Combinatorial searching of Huffman trees

Question 1

I need to search some data encoded by a Huffman tree, but not by simply walking the tree: I need test combinations of the data for a property and continue searching based on whether the test is positive or not. To this end, I've also returned the intermediate steps of the Huffman algorithm>

Here is the code I use to generate the extended tree:

import heapq
def encode(symbfreq):
 tree = [[wt, [sym, ""]] for sym, wt in symbfreq]
 heapq.heapify(tree)
 while len(tree)>1:
 lo, hi = sorted([heapq.heappop(tree), heapq.heappop(tree)], key=len)
 for pair in lo[1:]:
 pair[1] = '0' + pair[1]
 for pair in hi[1:]:
 pair[1] = '1' + pair[1]
 heapq.heappush(tree, [lo[0] + hi[0]] + lo[1:] + hi[1:])
 return sorted(heapq.heappop(tree)[1:], key=lambda p: (len(p[-1]), p))
def next_power_of_two(n):
 return int(2**( ceil(log(n,2))))
def full_encode(tree):
 huffman_tree = encode(tree)
 complete_tree = huffman_tree
 get_intermediate_node = lambda val, arr : ''.join( [ char for char,binary in itertools.ifilter( lambda node : node[1].startswith(val),arr)] ) 
 for val in range( next_power_of_two( len(huffman_tree) ) ):
 bvalue = bin(val)[2:] 
 node = [ get_intermediate_node( bvalue , huffman_tree) , bvalue ] 
 if node not in complete_tree:
 complete_tree.append( node)
 complete_tree =[y for y in complete_tree if y[0]!='']
 complete_tree = sorted( complete_tree , key=lambda p: (len(p[-1]), p) )
 return complete_tree

So for example this input:

tree = [('0',0.25),('0',0.25),('0',0.25),('0',0.125),('1',0.125)]

produces this output:

tree = [['00', '0'], ['0', '00'], ['0', '01'], ['0', '10'], ['0', '110'], ['1', '111']]

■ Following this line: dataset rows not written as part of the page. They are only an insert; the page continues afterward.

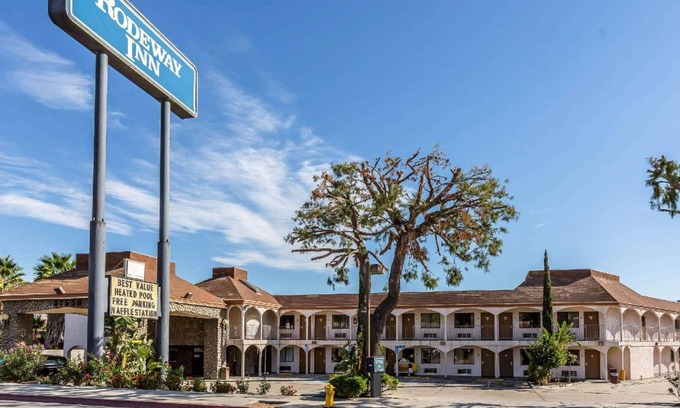 Castaic Hotel | 30 m² Hotel ∙ 127 guests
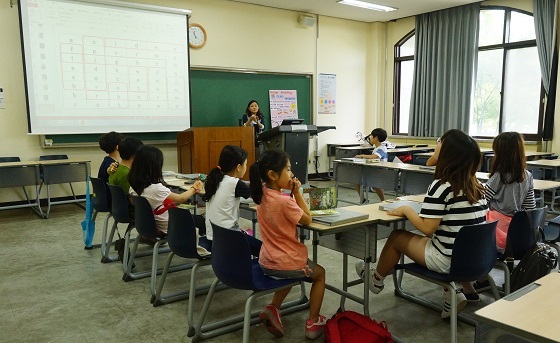 NSP통신-▲아산시가 지원하는 주말 영어방과후학교가 2학기 수업을 개강했다. (아산시)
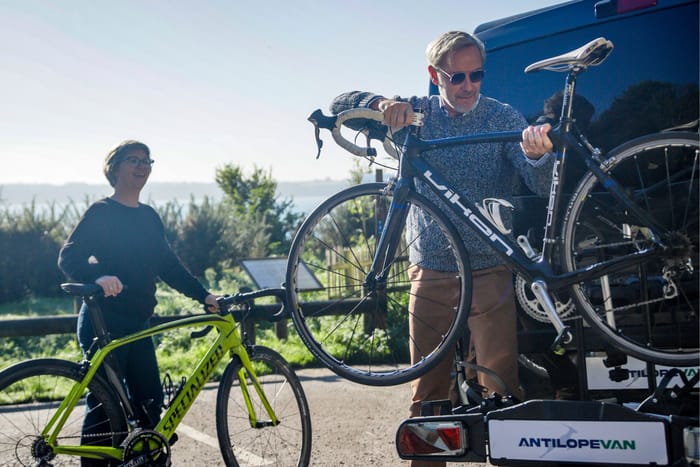 Flex PLUS: Ausgebauter Van für 2 bis 4 Personen mit Anhängerkupplung und Fahrradträger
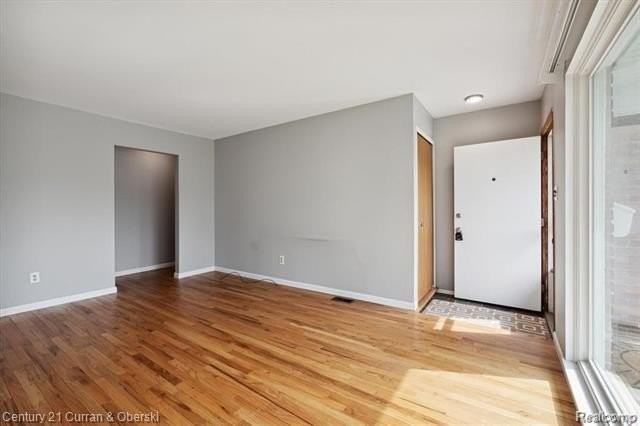 14374 Ramblewood St - Photo 3 of 15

Once I've done that, I need to search the tree. Since I've got access to all the intermediate stages, I start by checking whether the data in the first leaf contains a '1' (this leaf is encoded by '0'): if this is true then I check the next leaf which has a '0' in the second position of it's code. If false, I check the leaf whose begins with '10'. I keep on doing this until I've found the leaf (and the encoding) which has only a '1' in the data. The code is below:

#searching an extended huffman list 0=>left branch 1=>right branch
def search_huff_list(complete_tree, max_depth):
 defective = 0
 loops = 0
 stage = 0
 code = ['0']
 while defective == 0:
 loops += 1
 current = complete_tree[stage]
 print(stage)
 if current[0] == '1':
 defective = complete_tree[stage]
 return defective,loops
 if len(current[1]) == max_depth:
 if current[0]=='1':
 defective = complete_tree[stage]
 return defective, loops
 else: 
 defective = complete_tree[stage+1]
 return defective, loops
 if not '1' in current[0]:
 code[-1] = '1' 
 code.append('0')
 partial_code = ''.join(code)
 print(partial_code)
 stage = complete_tree.index(next(x for x in complete_tree if x[1].startswith(partial_code) ) )
 else:
 code.append('0')
 partial_code = ''.join(code)
 stage = complete_tree.index(next(x for x in complete_tree if x[1].startswith(partial_code) ) )
 return 0

For the input above, this algorithm finds the '1' (it's easier to debug, if the labels are 'a','b','c','d','e'). I'm building up a partial code and searching the original tree (the extended list) for the first code that begins with that series of bits.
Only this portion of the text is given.